Designing a randomized trial with sample-size re-estimation: Challenges and Best Practices



In this webinar, we will play the part of a sponsor consulting a statistician with the goal of designing a randomized trial with sample-size re-estimation. We will discuss the concept of conditional power and the promising-zone method, and we will present a pragmatic view of some issues, including when to plan the sample-size re-estimation in the course of the accrual, how to select the amount of sample-size increase, and how to operate such trials in practice. We will also discuss the pros- and cons- of using this type of design in relation to the clinical setting in which the trial is designed and endpoints it uses. Moreover, we will discuss the regulators’ views and illustrate our discussion with practical examples.

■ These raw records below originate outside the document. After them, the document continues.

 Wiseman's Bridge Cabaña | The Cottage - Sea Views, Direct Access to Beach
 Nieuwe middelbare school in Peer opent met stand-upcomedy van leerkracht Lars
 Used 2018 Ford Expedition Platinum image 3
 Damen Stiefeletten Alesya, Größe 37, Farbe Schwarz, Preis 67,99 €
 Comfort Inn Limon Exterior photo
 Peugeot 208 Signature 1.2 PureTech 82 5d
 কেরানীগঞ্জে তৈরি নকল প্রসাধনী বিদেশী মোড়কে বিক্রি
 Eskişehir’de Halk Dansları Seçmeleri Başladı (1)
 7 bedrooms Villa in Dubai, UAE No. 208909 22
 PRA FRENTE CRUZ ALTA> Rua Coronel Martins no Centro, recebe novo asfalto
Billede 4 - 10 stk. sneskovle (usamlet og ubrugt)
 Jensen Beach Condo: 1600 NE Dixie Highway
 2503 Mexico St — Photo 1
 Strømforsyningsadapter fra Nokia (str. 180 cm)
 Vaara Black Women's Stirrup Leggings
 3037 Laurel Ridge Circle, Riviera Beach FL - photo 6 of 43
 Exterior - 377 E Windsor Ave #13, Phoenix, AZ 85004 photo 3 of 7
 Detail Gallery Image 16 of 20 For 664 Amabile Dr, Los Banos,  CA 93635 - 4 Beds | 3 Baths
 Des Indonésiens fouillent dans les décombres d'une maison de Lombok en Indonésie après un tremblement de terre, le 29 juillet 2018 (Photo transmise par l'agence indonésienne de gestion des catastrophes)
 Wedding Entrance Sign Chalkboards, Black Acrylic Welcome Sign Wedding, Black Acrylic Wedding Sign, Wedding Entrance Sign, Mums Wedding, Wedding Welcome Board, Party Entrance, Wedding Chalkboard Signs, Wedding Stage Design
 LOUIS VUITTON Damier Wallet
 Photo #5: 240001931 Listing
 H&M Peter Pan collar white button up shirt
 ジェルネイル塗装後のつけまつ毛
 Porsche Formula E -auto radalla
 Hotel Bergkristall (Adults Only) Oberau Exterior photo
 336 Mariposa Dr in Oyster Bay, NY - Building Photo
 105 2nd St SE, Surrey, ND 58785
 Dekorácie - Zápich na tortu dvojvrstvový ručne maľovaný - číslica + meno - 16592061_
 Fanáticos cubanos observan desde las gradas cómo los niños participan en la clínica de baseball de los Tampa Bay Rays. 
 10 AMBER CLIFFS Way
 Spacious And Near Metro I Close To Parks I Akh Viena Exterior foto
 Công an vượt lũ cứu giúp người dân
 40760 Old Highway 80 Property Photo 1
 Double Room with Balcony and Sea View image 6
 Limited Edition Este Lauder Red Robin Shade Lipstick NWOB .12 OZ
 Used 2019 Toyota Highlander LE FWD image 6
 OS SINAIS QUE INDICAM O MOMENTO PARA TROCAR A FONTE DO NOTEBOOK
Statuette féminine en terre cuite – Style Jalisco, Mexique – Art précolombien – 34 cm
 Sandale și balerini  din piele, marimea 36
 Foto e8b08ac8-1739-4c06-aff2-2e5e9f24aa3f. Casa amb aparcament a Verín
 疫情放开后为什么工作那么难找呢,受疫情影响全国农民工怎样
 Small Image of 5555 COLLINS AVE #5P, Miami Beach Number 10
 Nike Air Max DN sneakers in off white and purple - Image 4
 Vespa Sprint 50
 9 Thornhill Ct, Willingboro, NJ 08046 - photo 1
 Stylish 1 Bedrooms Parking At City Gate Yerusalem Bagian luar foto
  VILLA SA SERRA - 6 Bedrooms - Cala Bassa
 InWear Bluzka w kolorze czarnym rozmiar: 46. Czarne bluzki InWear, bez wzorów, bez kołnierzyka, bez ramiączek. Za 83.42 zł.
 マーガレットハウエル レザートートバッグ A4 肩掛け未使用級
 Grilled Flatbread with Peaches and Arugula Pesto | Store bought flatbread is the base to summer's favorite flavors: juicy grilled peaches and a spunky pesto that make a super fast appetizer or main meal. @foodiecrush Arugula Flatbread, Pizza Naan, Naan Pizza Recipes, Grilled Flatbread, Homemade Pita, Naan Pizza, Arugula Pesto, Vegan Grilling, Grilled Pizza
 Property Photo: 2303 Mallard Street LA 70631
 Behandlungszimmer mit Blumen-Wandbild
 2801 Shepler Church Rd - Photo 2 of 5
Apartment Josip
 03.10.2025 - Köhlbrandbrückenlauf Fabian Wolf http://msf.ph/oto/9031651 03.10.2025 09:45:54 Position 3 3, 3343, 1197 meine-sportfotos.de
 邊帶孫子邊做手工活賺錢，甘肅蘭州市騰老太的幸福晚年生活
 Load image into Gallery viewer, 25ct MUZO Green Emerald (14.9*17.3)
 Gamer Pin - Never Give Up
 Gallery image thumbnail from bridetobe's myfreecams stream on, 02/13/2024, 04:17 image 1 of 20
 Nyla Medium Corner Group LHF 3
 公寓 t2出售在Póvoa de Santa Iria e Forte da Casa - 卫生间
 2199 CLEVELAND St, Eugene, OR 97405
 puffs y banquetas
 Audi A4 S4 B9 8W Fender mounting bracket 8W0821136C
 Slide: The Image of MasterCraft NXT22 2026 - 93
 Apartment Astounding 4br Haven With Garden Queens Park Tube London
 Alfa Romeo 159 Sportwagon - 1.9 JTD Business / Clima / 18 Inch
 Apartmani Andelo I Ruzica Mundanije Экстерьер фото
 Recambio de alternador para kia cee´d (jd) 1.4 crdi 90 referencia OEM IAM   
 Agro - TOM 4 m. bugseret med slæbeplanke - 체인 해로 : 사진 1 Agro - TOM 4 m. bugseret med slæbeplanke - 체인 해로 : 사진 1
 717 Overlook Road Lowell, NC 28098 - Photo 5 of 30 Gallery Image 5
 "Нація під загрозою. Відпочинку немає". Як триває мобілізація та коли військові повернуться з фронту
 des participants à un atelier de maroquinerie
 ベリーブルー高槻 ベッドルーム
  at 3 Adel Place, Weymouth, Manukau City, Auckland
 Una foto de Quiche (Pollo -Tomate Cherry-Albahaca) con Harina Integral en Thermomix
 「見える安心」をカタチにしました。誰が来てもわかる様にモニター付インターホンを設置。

During this webinar, the participant will: 

  • Be exposed to the concepts of sample-size re-estimation, conditional power, and the promising-zone method 
  • Gain insights into the planning of sample-size re-estimation and the operationalization of such designs  
  • Understand the benefits and limitations of sample size re-estimation in relation to the clinical setting in which the study is conducted 

It is often the case in drug development, particularly in oncology, that a randomized trial is launched with considerable uncertainty about the final sample size required to demonstrate a clinically meaningful and statistically significant improvement in results over the control treatment. Group-sequential designs have an established role in randomized trials and allow for safety monitoring as well as early decisions regarding efficacy and futility of the new treatment. In some trials, it may be interesting to foresee the possibility of adapting the final sample size if results at an interim analysis suggest the possibility of a positive trial, albeit with a less pronounced treatment effect than initially anticipated. Such adaptive designs that allow for sample-size re-estimation have gained traction in recent years. However, they pose several issues that require consideration and advanced statistical input.  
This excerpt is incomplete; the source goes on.